= EXERCISE INSTRUCTIONS =
Could you repeat, word for word, the line with "Picture 1 of 4" and every line after it in the records below, leaving out any pictures?

= ENTRIES PROVIDED =
-- Opening Marker --
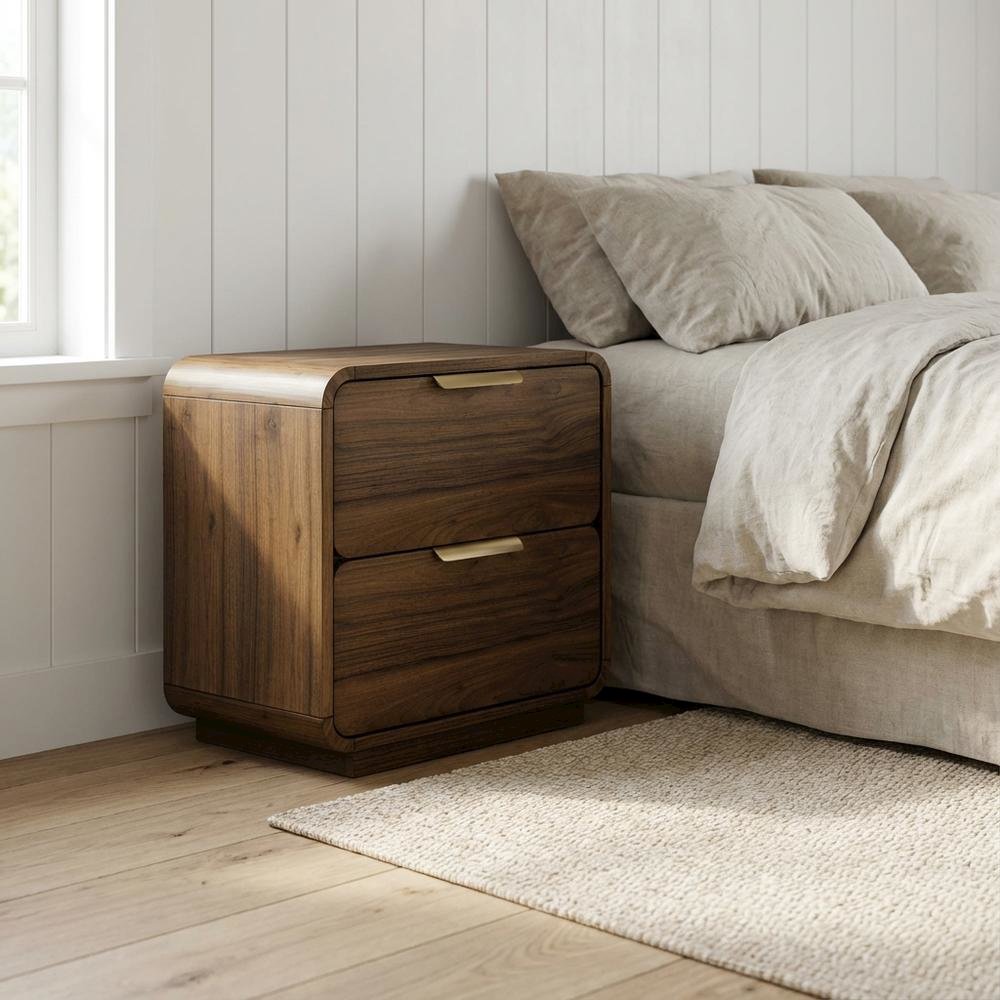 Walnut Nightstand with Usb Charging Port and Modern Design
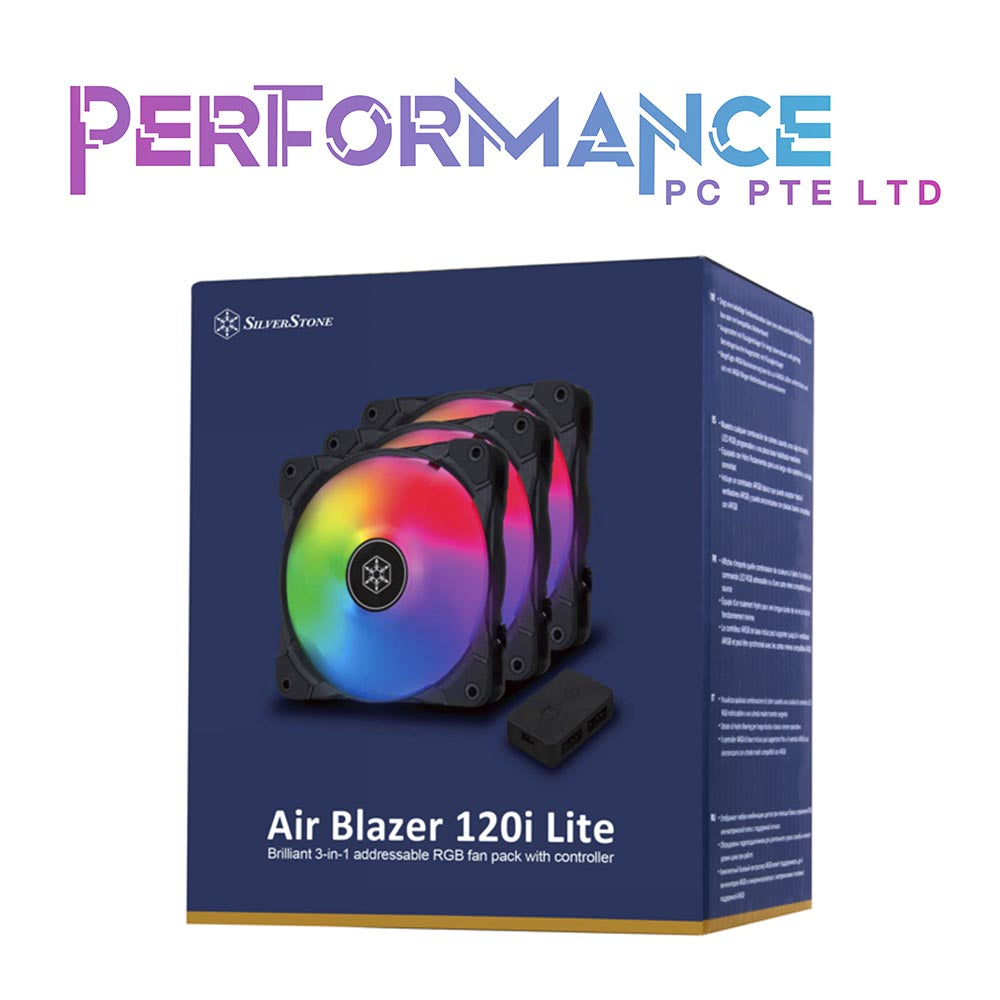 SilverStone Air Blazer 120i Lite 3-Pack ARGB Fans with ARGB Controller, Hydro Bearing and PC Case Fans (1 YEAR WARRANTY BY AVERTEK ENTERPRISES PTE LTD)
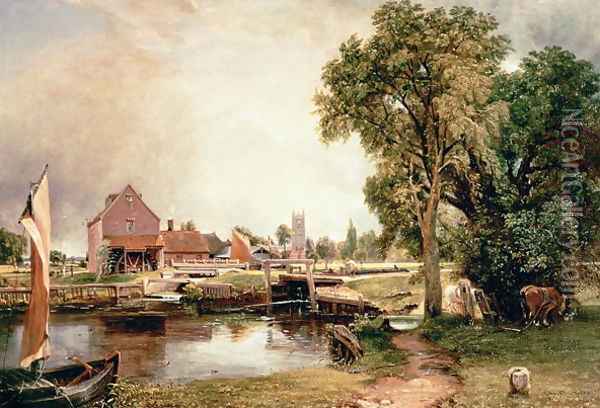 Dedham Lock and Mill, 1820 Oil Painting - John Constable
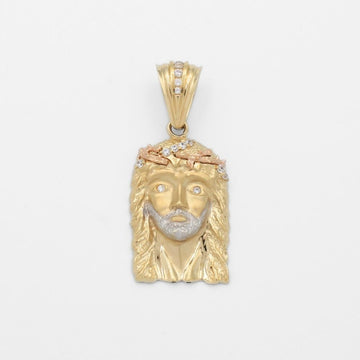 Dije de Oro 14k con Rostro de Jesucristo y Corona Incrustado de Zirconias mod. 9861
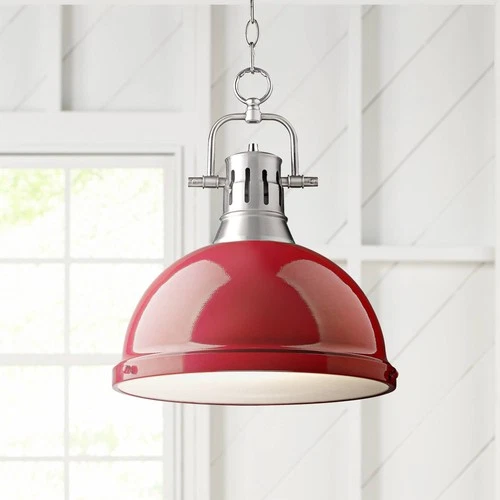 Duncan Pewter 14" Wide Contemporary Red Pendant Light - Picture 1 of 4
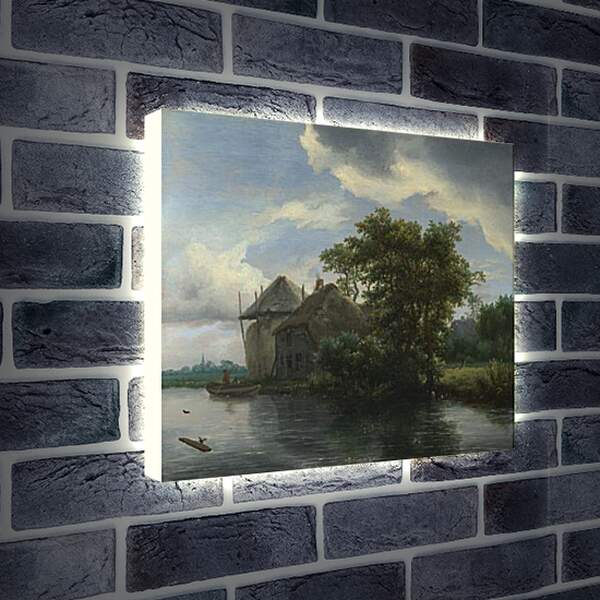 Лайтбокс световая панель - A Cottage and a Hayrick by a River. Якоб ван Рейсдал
-- Closing Marker --
= EXERCISE SOLUTION =
 Duncan Pewter 14" Wide Contemporary Red Pendant Light - Picture 1 of 4
 Лайтбокс световая панель - A Cottage and a Hayrick by a River. Якоб ван Рейсдал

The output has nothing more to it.